LinkedIn Board Connect has taken online board matching to a new level for non-profit organizations. As I noted in my September 21 post here, this innovative approach is an advance in bringing non-profits and potential candidates together; the most important improvement is the opportunity for people to learn about each other through mutual acquaintances and references that are indicated on LinkedIn.
In my last post, I provided suggestions to board candidates for finding the best board match. Here are recommendations for non-profits in finding board members that best meet the organization's purposes.
Choosing candidates for the board
Additionally, have a board discussion about the role of the board in achieving success, and articulate your expectations of individual board members, including board meeting attendance; financial contributions and fundraising; committee participation, etc. That way, you are prepared to discuss expectations with candidates. (Be sure your board members are meeting expectations as well, so that you are setting the right example for new board members.)
Once you list your interests for candidates, then research prospective candidates via LinkedIn Board Connect with your specific needs in mind.
Interview each board candidate -- first by phone, and then in person -- to determine if there's a match between their interests and your board's needs.
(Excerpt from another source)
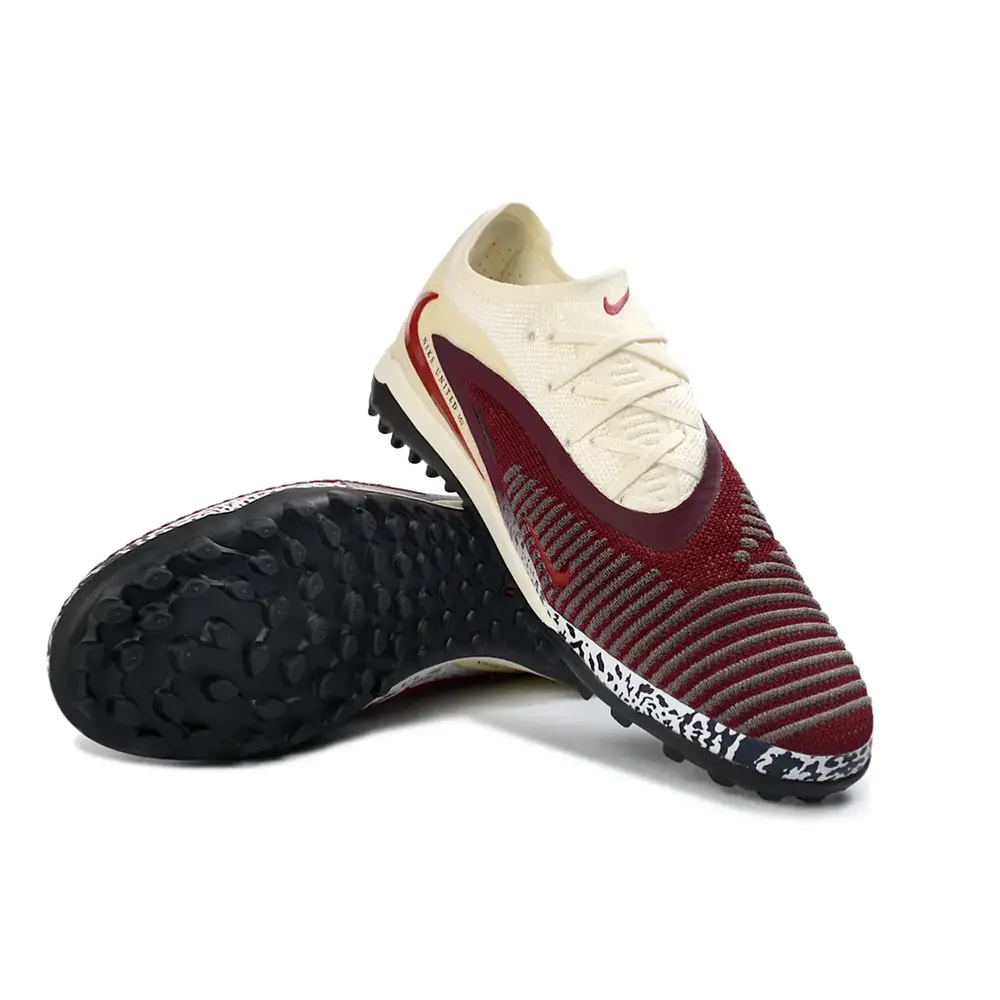 Chuteira Society Nike Phantom GX | Controle e Agilidade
The organization's CEO, board chair, board governance chair, and perhaps additional board members should be involved in at least a couple of meetings with the board candidate.
The people whom LinkedIn identifies as mutual acquaintances are potential sources of reference regarding each board candidate you are considering.
Host a visit with the board candidate at program sites. This provides an opportunity to explore the extent of the candidate's passion for the mission.
Ascertain the extent to which the candidate can and will meet the board's expectations in addition to providing particular values that will help the board and organization to advance toward success.
- Prior to even listing the organization's interests in candidates, it's essential for the board to have a serious discussion about the future of the organization: the organization's greater potential and the revenue model to achieve success. With this in mind, the board can determine the particular skills, expertise, experience, diversity of perspectives, and networks and relationships that the board needs in order to achieve strategic and financial success.
Attracting the candidates you want
In today's environment, the most desirable candidates have a choice of boards to join. In order to attract the candidates you most want, and also set the stage for a positive relationship, here are some recommendations:
Also be clear about your expectations for giving, fundraising, and meeting attendance. People appreciate your candor up front.
Provide clear information about the organization's mission, programs, and financials, in addition to the most recent audit and management letter, and a copy of the bylaws.
Be candid and open about organizational challenges and opportunities and ways in which the board can be useful.
If there is a strategic plan, provide it.
- Be clear about what you are asking candidates to do. In my experience having placed hundreds of corporate executives on non-profit boards, the question that most interests them is this: What value can I add?
Retaining the best board members
Once you have recruited the board members you want, there are ways to keep them engaged and maximize the value of their participation. Here are suggestions:
Under the leadership of the chair and the CEO, engage with the board to decide how the board can be most useful in helping the organization to achieve its greatest potential over the course of the next few years; and help each board member to understand how he or she can add value.
Ensure that board meetings are focused on key strategic issues and the role of the board in advancing the organization towards its greatest potential. Make sure that each board meeting ends with board members having been engaged in an interactive discussion on an important strategy issue, better educated on the work of the organization, inspired, and clear about the work they need to do between then and the next board meeting.
Provide high quality staff support to make it easy for board members to make valuable contributions -- in making financial gifts, fundraising, providing expertise, etc. It's worth the investment.
- Provide the board with clear, relevant, timely, and concise information. This means creating a dashboard that shows how the organization is performing against program and financial goals.
LinkedIn is providing a valuable new resource to non-profits and prospective board candidates. With some time and attention, LinkedIn Board Connect can be leveraged for tremendous value in strengthening our nation's non-profit sector.